BSE Consumer Durables Index

BSE Consumer Durables Index

The BSE Consumer Durables sector tried valiantly to remain in a bull market. The lower top formed in Oct ‘11 seemed to be the last straw that broke the sector’s back, as it plunged into a bear market.

Technically interesting are the three fan lines drawn on the chart. Note how the index kept rising in Sep ‘11 but stopped short of the first fan line. The failure to move above the first fan line was a sign of weakness. The index got good support from the second fan line before breaking below it. A break below the third fan line (where it is currently receiving support) may push the sector deeper into a bear market. Sell.

BSE FMCG Index

BSE FMCG Index

The BSE FMCG index is still in a bull market, despite its failure to cross above the first fan line. The 200 day EMA is rising; the 20 day and 50 day EMAs as well as the index are trading above the 200 day EMA. The second fan line is acting as the revised up trend line.

It is the only sector still in a bull market and has prevented the Sensex from collapsing. Now you know why it is my favourite sector. It saves your portfolio during bear markets. Accumulate.

BSE Healthcare Index

BSE Healthcare Index

The BSE Healthcare index has been trading within a large triangle pattern. In spite of the ‘death cross’ (of the 50 day EMA below the 200 day EMA) in Sep ‘11, the index hasn’t fallen much. It may continue to consolidate within the triangle for some more time before finally breaking out.

Logically, the break out should be upwards, since consolidations tend to be continuation patterns. But triangles are unreliable, so be prepared for a downward break. Hold.

BSE IT Index

BSE IT Index

The BSE IT index collapsed into a bear market in Aug ‘11. The recovery has been quite stunning. The index rallied for three straight months before stalling at the upper edge of the downward sloping channel. It has been trading within the channel for the past month.

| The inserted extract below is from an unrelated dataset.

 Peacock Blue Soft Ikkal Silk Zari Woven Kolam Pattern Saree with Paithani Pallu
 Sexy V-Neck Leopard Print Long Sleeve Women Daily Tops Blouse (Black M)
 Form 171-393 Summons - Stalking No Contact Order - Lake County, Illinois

The technical indicators are showing some bullish signs. Unless the Eurozone debt problems get resolved satisfactorily, the IT sector will continue to face headwinds. The good news is that the US economy is finally showing some signs of improvement. Hold.

BSE Metal Index

BSE Metal Index

The BSE Metals index had dropped below its downward sloping channel in Aug ‘11, and has stayed below it – making a series of lower tops and lower bottoms as it falls deeper inside a bear market. Unless the metals sector and the capital goods sector turn around, the Sensex will not be able to come out of the bear’s grip. Avoid.

BSE Oil & Gas Index

BSE Oil & Gas Index

The BSE Oil & Gas index is falling within a broad downward sloping channel in a bear market. The government continuous meddling and failing to take tough decisions of decontrolling diesel and kerosene prices is pushing the sector into huge losses and increasing the subsidy burden.

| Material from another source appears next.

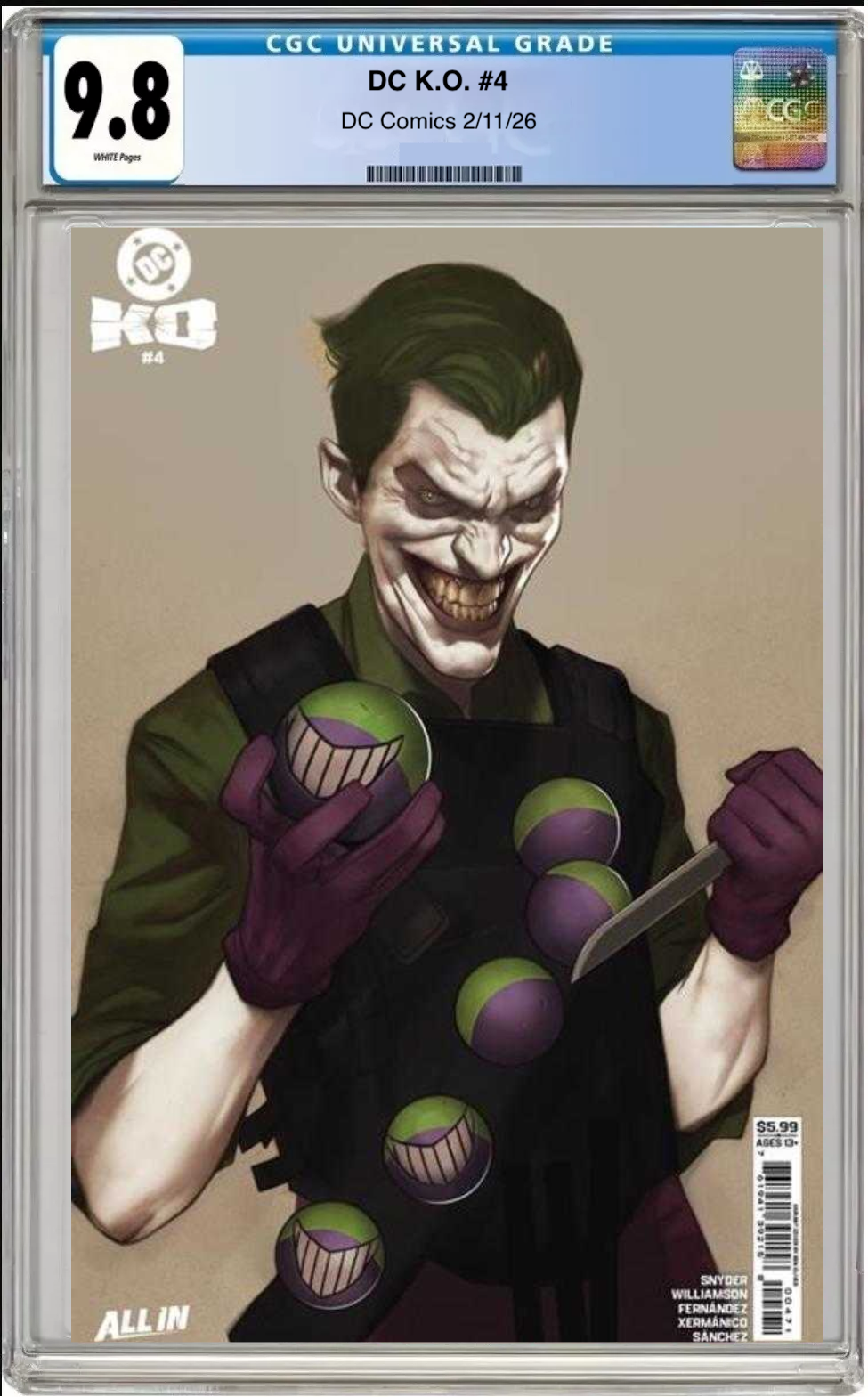 Comic book cover of DC K.O. #4 Cover H with CGC grading label.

Reliance, the market favourite, is under all kinds of threats and pressures. The company has been an acknowledged expert not just in backward and forward integration of its businesses, but in bending every rule in the book. Thanks to Anna Hazare’s anti-corruption campaign, government officials are now seeing snakes under every rock. Without the support of ONGC and Reliance, the sector will remain in the doldrums. Avoid.

BSE Power Index

BSE Power Index

The BSE Power index failed to rise above the support-resistance level of 2250 during the Oct ‘11 rally. After breaking down below the downward sloping channel, it is attempting a pullback towards the channel. If it fails to do so, the index may fall much lower. The great hype about the power sector has fizzled out. Avoid.

BSE Realty Index

BSE Realty Index

The BSE Realty sector continues to be the worst performer among the BSE Sectoral indices. After three months of sideways consolidation between 1625 and 1900 the index broke down below the rectangular zone. It is attempting to re-enter the rectangular band but facing resistance from the falling 20 day EMA. Avoid.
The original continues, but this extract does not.